In this respect, natural law as described in the interaction between
Abraham and God predates the later Greek exposition of it by Plato,
Socrates and Aristotle. The New Testament carries a further exposition
on the Abrahamic dialogue and links to the later Greek exposition on the
subject, when Paul's Epistle to the Romans
states: "For when the Gentiles, which have not the law, do by nature
the things contained in the law, these, having not the law, are a law
unto themselves: Which shew the work of the law written in their hearts,
their conscience also bearing witness, and their thoughts the meanwhile
accusing or else excusing one another.
The intellectual historian A. J. Carlyle has commented on this passage,
"There can be little doubt that St Paul's words imply some conception
analogous to the 'natural law' in Cicero,
a law written in men's hearts, recognized by man's reason, a law
distinct from the positive law of any State, or from what St Paul
recognized as the revealed law of God. It is in this sense that St
Paul's words are taken by the Fathers of the fourth and fifth centuries
like St Hilary of Poitiers, St Ambrose, and St Augustine, and there seems no reason to doubt the correctness of their interpretation."
Because of its origins in the Old Testament, early Church Fathers, especially those in the West, saw natural law as part of the natural foundation of Christianity. The most notable among these was Augustine of Hippo, who equated natural law with humanity's prelapsarian
state; as such, a life according to unbroken human nature was no longer
possible and persons needed instead to seek healing and salvation
through the divine law and grace of Jesus Christ.

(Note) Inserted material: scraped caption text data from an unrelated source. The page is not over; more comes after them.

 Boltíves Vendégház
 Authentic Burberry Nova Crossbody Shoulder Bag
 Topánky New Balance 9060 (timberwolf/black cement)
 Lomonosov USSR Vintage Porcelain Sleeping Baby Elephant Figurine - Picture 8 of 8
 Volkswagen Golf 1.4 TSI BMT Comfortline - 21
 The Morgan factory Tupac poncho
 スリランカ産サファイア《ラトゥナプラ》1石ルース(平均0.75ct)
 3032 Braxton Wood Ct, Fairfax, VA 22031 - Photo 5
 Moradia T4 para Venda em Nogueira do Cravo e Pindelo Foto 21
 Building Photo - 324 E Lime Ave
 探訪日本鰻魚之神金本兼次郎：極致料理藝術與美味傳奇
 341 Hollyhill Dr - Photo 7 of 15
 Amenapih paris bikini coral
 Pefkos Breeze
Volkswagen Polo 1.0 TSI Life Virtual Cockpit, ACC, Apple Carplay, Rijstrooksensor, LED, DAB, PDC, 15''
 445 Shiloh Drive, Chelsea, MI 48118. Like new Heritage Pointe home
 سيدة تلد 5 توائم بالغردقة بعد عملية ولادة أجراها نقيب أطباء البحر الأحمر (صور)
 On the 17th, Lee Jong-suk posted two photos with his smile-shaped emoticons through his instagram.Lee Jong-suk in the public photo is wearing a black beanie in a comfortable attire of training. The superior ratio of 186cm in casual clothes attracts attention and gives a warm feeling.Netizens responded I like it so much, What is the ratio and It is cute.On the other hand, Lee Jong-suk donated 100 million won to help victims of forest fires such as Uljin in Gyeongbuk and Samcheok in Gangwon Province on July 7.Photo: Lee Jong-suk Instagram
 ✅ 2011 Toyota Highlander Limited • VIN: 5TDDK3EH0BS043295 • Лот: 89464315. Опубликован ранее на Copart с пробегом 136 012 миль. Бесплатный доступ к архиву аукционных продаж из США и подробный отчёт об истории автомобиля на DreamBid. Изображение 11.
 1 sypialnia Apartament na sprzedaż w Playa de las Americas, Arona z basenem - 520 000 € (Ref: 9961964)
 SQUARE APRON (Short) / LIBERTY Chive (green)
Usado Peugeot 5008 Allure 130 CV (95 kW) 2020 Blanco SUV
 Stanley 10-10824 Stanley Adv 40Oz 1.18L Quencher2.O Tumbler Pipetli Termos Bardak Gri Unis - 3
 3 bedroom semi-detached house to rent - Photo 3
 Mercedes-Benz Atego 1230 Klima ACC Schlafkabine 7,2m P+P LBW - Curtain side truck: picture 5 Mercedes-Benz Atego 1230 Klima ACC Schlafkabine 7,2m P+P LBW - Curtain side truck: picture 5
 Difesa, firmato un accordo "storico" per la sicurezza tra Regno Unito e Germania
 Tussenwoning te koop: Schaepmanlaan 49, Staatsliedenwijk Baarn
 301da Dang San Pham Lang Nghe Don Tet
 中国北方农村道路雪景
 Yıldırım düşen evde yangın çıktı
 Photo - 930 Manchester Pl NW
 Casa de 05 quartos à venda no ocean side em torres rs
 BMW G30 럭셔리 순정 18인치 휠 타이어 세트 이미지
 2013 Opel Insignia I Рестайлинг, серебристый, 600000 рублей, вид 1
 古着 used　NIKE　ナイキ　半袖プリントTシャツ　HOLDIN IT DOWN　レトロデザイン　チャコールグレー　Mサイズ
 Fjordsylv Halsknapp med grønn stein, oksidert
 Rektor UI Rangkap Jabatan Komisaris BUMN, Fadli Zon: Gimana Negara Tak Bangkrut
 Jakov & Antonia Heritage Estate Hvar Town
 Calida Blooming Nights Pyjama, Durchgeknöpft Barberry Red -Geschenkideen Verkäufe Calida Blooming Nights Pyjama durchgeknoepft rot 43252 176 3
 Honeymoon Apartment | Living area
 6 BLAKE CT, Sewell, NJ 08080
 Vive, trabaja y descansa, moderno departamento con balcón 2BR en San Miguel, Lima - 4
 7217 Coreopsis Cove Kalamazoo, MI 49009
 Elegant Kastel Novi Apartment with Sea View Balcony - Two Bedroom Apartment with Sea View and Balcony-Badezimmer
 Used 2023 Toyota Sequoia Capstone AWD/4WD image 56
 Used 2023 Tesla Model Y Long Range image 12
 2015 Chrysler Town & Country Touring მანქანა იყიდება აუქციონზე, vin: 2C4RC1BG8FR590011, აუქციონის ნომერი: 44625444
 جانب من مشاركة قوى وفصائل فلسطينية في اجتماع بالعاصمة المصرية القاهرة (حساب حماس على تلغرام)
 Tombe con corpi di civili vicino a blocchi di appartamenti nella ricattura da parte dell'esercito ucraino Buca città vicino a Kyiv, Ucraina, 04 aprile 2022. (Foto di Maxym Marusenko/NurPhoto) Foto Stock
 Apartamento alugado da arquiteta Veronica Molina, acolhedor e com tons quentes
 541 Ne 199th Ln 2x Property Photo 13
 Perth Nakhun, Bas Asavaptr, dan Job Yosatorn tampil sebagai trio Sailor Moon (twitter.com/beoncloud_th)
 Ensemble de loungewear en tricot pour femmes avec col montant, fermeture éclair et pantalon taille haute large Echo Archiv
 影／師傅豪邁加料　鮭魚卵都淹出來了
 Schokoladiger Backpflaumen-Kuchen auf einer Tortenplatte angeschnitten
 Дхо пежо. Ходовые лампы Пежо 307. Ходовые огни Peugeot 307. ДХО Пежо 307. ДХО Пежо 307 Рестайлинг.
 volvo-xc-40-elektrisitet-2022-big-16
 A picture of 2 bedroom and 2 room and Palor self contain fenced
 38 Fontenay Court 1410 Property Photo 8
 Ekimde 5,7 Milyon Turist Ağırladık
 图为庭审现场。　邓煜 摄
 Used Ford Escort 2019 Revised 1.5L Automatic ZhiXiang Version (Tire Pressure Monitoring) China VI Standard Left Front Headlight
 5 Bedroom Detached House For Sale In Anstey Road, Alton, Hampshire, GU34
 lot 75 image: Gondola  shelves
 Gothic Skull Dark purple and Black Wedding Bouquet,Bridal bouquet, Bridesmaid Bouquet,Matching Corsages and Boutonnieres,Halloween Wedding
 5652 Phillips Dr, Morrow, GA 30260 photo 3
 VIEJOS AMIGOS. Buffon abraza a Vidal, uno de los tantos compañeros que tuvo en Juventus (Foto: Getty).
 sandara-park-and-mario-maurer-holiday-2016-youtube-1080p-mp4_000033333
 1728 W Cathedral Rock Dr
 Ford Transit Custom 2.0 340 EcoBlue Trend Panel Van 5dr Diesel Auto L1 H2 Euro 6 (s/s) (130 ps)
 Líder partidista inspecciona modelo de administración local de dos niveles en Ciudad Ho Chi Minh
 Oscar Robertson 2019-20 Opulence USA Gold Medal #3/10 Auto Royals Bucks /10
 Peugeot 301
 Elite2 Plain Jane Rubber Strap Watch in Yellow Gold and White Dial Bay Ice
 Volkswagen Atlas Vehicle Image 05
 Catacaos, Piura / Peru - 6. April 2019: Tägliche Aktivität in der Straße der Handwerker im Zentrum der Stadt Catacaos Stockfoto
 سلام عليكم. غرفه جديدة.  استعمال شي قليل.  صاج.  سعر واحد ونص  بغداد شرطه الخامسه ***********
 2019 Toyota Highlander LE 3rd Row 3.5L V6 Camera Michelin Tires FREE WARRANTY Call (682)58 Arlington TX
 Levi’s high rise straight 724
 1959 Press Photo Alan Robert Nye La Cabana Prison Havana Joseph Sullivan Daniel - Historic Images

In the twelfth century, Gratian equated the natural law with divine law. Albertus Magnus would address the subject a century later, and his pupil, St. Thomas Aquinas, in his Summa TheologicaI-II qq. 90–106,
restored Natural Law to its independent state, asserting natural law as
the rational creature's participation in the eternal law. Yet, since human reason could not fully comprehend the Eternal law, it needed to be supplemented by revealed Divine law.
Meanwhile, Aquinas taught that all human or positive laws were to be
judged by their conformity to the natural law. An unjust law is not a
law, in the full sense of the word. It retains merely the 'appearance'
of law insofar as it is duly constituted and enforced in the same way a
just law is, but is itself a 'perversion of law.'
At this point, the natural law was not only used to pass judgment on
the moral worth of various laws, but also to determine what those laws
meant in the first place. This principle laid the seed for possible
societal tension with reference to tyrants.
The natural law was inherently teleological, however, it is most assuredly not deontological.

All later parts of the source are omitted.